Apple, Inc. engages in the design, manufacture, and sale of smartphones, personal computers, tablets, wearables and accessories, and other variety of related services. It operates through the following geographical segments: Americas, Europe, Greater China, Japan, and Rest of Asia Pacific.
Take a look at the 1-year chart of Apple (NASDAQ: AAPL) with the added notations:
During the past four months, AAPL had formed an important level of support at $255 (red). The current correction saw the stock break below that support. Not only did that imply lower prices for AAPL, but the $255 area will now likely act as resistance on future rallies, as it did multiple times last week.
The Tale of the Tape: AAPL broke a key level of support at $255. A trader could enter a short position on any rallies up to or near $255 with a stop placed above the level. If the stock were to break back above the $255 level, a long position might be entered instead.

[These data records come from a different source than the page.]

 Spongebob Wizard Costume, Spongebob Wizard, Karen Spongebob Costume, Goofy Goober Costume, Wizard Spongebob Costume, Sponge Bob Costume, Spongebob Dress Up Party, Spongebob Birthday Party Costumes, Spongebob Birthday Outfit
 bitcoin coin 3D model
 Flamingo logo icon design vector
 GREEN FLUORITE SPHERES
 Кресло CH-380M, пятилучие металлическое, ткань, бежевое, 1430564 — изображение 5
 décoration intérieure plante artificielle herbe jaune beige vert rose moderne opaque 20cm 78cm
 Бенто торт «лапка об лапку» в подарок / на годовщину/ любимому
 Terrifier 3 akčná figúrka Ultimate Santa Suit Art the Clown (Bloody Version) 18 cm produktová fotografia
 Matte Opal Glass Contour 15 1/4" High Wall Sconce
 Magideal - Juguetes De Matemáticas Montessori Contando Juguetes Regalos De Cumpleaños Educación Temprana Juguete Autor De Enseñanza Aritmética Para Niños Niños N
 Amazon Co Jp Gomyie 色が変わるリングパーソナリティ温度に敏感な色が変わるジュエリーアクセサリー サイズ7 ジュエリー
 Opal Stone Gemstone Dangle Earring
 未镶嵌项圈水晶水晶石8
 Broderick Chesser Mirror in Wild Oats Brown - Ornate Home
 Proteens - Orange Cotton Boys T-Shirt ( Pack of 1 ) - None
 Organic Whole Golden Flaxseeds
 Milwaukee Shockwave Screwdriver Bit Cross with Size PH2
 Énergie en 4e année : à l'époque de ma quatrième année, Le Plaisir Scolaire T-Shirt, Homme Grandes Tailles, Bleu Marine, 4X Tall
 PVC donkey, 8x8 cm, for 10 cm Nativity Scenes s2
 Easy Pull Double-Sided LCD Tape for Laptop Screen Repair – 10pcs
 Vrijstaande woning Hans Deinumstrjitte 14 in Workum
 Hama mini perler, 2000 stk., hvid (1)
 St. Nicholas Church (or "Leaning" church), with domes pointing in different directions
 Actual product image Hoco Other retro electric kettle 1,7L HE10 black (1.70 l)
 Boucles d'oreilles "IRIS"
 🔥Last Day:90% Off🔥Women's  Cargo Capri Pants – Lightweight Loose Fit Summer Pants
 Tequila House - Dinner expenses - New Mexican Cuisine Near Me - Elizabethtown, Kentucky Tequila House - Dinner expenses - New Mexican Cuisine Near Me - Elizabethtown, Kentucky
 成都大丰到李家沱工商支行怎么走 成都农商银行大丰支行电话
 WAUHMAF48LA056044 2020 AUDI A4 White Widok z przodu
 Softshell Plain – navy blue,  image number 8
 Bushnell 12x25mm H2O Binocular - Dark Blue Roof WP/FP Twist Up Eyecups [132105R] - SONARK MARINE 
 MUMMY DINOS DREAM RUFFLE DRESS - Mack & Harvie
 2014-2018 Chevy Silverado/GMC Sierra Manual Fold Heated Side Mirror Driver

Before making any trading decision, decide which side of the trade you believe gives you the highest probability of success. Do you prefer the short side of the market, long side, or do you want to be in the market at all? If you haven’t thought about it, review the overall indices themselves. For example, take a look at the S&P 500. Is it trending higher or lower? Has it recently broken through a key resistance or support level? Making these decisions ahead of time will help you decide which side of the trade you believe gives you the best opportunities.
No matter what your strategy or when you decide to enter, always remember to use protective stops and you’ll be around for the next trade. Capital preservation is always key!